Ayat ini menerangkan bahwa di antara golongan munafik terdapat orang-orang yang menyakiti Nabi Muhammad. Mereka menggunjingkannya dan mengatakan bahwa Nabi itu terlalu cepat terpengaruh tanpa memikirkan dan meneliti kebenaran sesuatu yang didengarnya. Tuduhan mereka ini atas dasar bahwa perlakuan Nabi Muhammad kepada mereka serupa dengan perlakuan beliau kepada orang-orang mukmin secara umum. Hal mana menunjukkan bahwa Nabi itu dapat dipengaruhi sebagaimana beliau terpengaruh oleh ucapan-ucapan mereka. Atas dasar ini mereka memandang adanya kelemahan pada Nabi Muhammad dan kelemahan seperti ini jika terdapat pada penguasa seperti raja, tentu akan sangat membahayakan raja tersebut dan akan berkumpullah di sekeliling raja orang-orang yang pandai menjilat untuk mempengaruhinya keputusan yang diambilnya.

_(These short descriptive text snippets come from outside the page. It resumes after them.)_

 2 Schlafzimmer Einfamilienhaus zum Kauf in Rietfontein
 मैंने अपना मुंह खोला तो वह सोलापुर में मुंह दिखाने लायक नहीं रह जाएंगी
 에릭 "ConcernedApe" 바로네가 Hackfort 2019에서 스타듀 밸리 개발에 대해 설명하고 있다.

Setelah Allah menerangkan anggapan yang berkembang di kalangan orang munafik itu, Nabi Muhammad diperintahkan untuk mendengarkan semua yang disampaikan kepadanya, tetapi kemudian dilanjutkan dengan penelitian tentang kebenarannya. Perintah ini bertujuan agar Nabi Muhammad tidak teperdaya oleh orang-orang yang ingin menjilat atau yang mencari muka. Pada akhir ayat ini, Allah menerangkan azab yang sepedih-pedihnya yang akan menjadi hukuman bagi orang-orang munafik yang menuduh Nabi dengan tuduhan-tuduhan yang tidak pada tempatnya.

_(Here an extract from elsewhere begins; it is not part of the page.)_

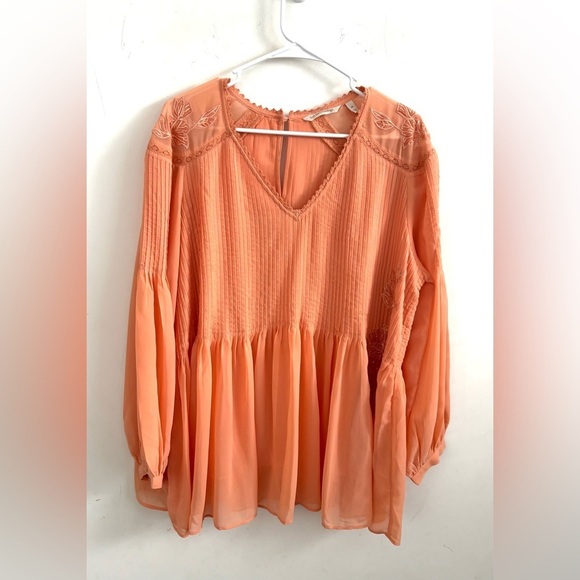 Soft Surroundings Carte Blanche Peach
Chiffon Sequin Trim Blouse Flowy peasant - Picture 2 of 8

Dari segi hukum, ayat ini melarang menyakiti Rasul, baik pada masa hidupnya maupun sesudah wafatnya. Menyakiti Rasul pada masa hidupnya dapat berbentuk:

a. Meragukan kerasulannya atau menganggapnya ahli sihir. Orang-orang yang menyakiti Rasul seperti ini hukumnya kafir karena mereka mengingkari kerasulannya.

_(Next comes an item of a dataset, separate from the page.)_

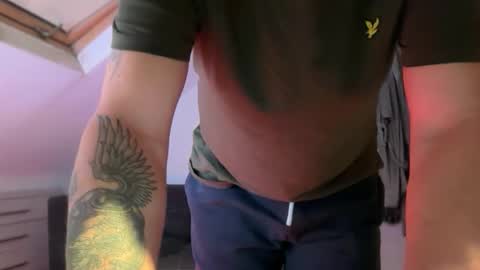 Cheekylondon online show from 09-23-25, 10:57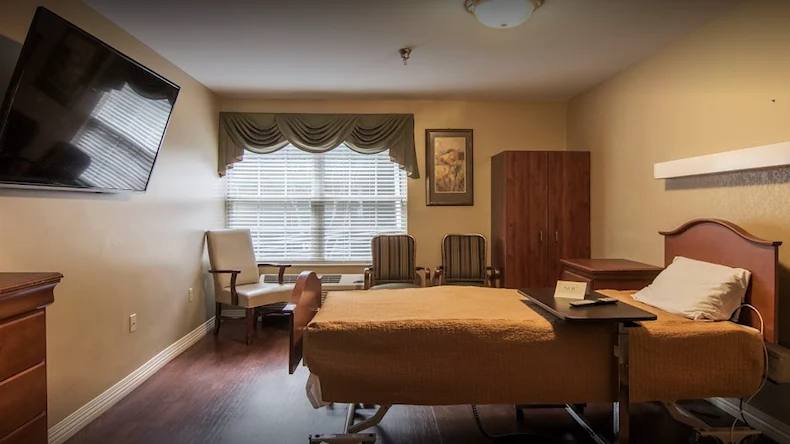 Image of Nhc Healthcare - Charleston (2)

b. Mengganggu ketenangan rumah tangganya seperti bertamu terlalu lama atau berkata di hadapannya dengan suara keras. Pekerjaan seperti ini hukumnya haram sebagaimana diutarakan dalam Al-Qur’an. Firman Allah:

Sesungguhnya yang demikian itu adalah mengganggu Nabi sehingga dia (Nabi) malu kepadamu (untuk menyuruhmu keluar). (al-Ahzab/33: 53)

Dan firman-Nya:

Wahai orang-orang yang beriman! Janganlah kamu meninggikan suaramu melebihi suara Nabi, dan janganlah kamu berkata kepadanya dengan suara keras sebagaimana kerasnya (suara) sebagian kamu terhadap yang lain, nanti (pahala) segala amalmu bisa terhapus sedangkan kamu tidak menyadari. (al-hujurat/49: 2)

Menyakiti Rasul setelah wafatnya sama halnya dengan menyakitinya pada masa hidupnya seperti menggunjingkan ibu bapaknya dan keluarganya atau menghina dan menjelek-jelekkannya. Keimanan seseorang kepada Rasul menimbulkan rasa cinta kepadanya. Orang yang cinta kepada sesuatu, tentulah sesuatu yang dicintainya itu selalu dipandang dengan rasa hormat karena dianggap mulia.